Comme Mila recommençait à s'inquiéter pour Magnani, qui ne rentrait point, Michel partit pour aller à sa rencontre. Toutes les cloches de la ville sonnaient l'agonie du prélat; on disait des prières dans toutes les églises et ce pauvre peuple opprimé, rançonné et durement châtié par lui à la moindre apparence de révolte, s'agenouillait dévotement sur les marches du parvis pour demander à Dieu de l'absoudre. Tous, sans doute, s'étaient réjouis intérieurement au premier son de la cloche, et devaient se réjouir encore au dernier.
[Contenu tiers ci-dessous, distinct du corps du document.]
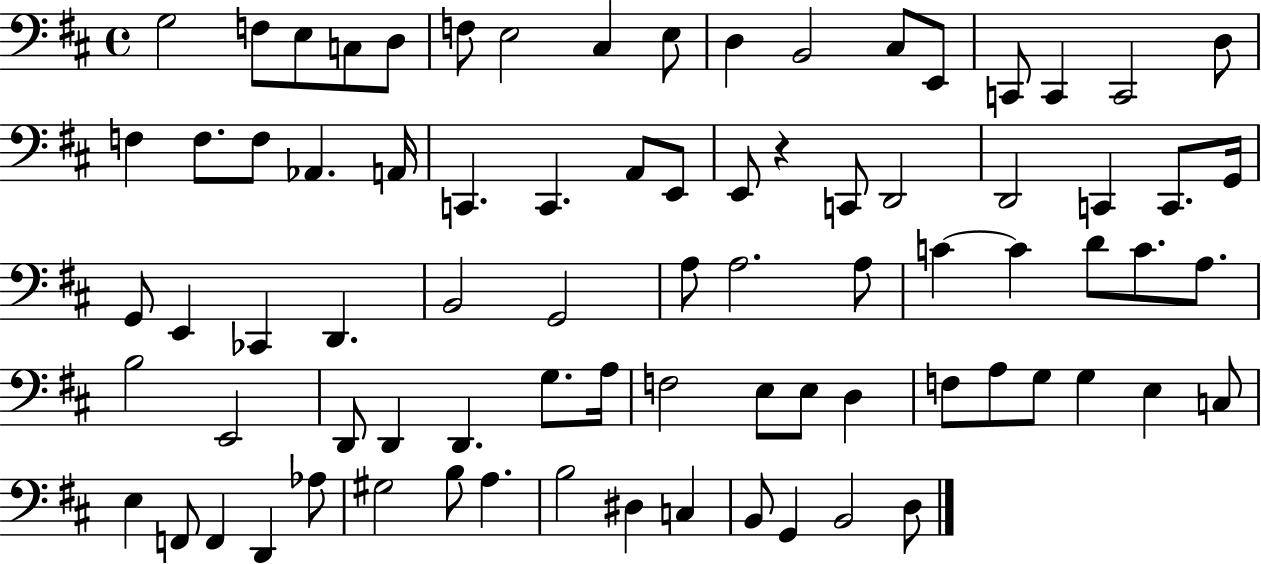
X:1
T:Untitled
M:4/4
L:1/4
K:D
G,2 F,/2 E,/2 C,/2 D,/2 F,/2 E,2 ^C, E,/2 D, B,,2 ^C,/2 E,,/2 C,,/2 C,, C,,2 D,/2 F, F,/2 F,/2 _A,, A,,/4 C,, C,, A,,/2 E,,/2 E,,/2 z C,,/2 D,,2 D,,2 C,, C,,/2 G,,/4 G,,/2 E,, _C,, D,, B,,2 G,,2 A,/2 A,2 A,/2 C C D/2 C/2 A,/2 B,2 E,,2 D,,/2 D,, D,, G,/2 A,/4 F,2 E,/2 E,/2 D, F,/2 A,/2 G,/2 G, E, C,/2 E, F,,/2 F,, D,, _A,/2 ^G,2 B,/2 A, B,2 ^D, C, B,,/2 G,, B,,2 D,/2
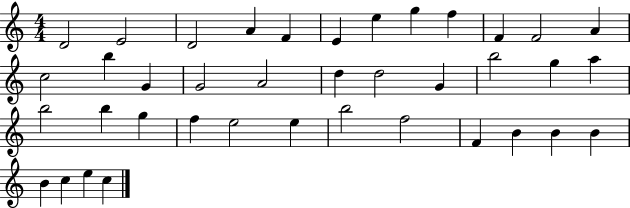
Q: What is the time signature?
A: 4/4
Mais les terreurs de l'enfer agissent si fortement sur ces vives imaginations, et l'idée d'un châtiment éternel est si effroyable, que les ressentiments de la vie disparaissaient devant cette menace que le tintement des cloches semblait faire planer sur toutes les têtes.

Michel, n'entendant point le glas final annoncer que la mort avait saisi sa proie, et prévoyant que sa mère ne quitterait le lit funèbre qu'à ce moment décisif, se dirigea vers la colline de Mal-Passo. Il voulait embrasser son ami et son oncle encore une fois avant de les voir saluer en lui le prince de Castro-Reale. Il redoutait surtout, de la part de Magnani, le moment où celui-ci s'armerait de fierté, et peut-être de froideur, dans la crainte injuste de ses dédains. Il tenait à lui demander d'avance la conservation de leur amitié, à en exiger la promesse solennelle, et à l'informer le premier de sa position après qu'il aurait cimenté cette fraternité sacrée entre eux en présence de Fra-Angelo.

Et puis, Michel pensait aussi au Piccinino. Il se disait qu'il n'y avait pas assez loin de Bel-Passo à Nicolosi pour qu'il ne pût aller trouver son frère avant qu'il eût rien entrepris contre la princesse et contre lui-même. Il ne pouvait se résoudre à attendre et à braver des vengeances qui pouvaient atteindre sa mère avant lui; et, dût-il trouver le bâtard dans un accès de fureur pire que celui où il l'avait quitté, il regardait comme le devoir d'un fils et d'un homme d'en essuyer seul les premières conséquences.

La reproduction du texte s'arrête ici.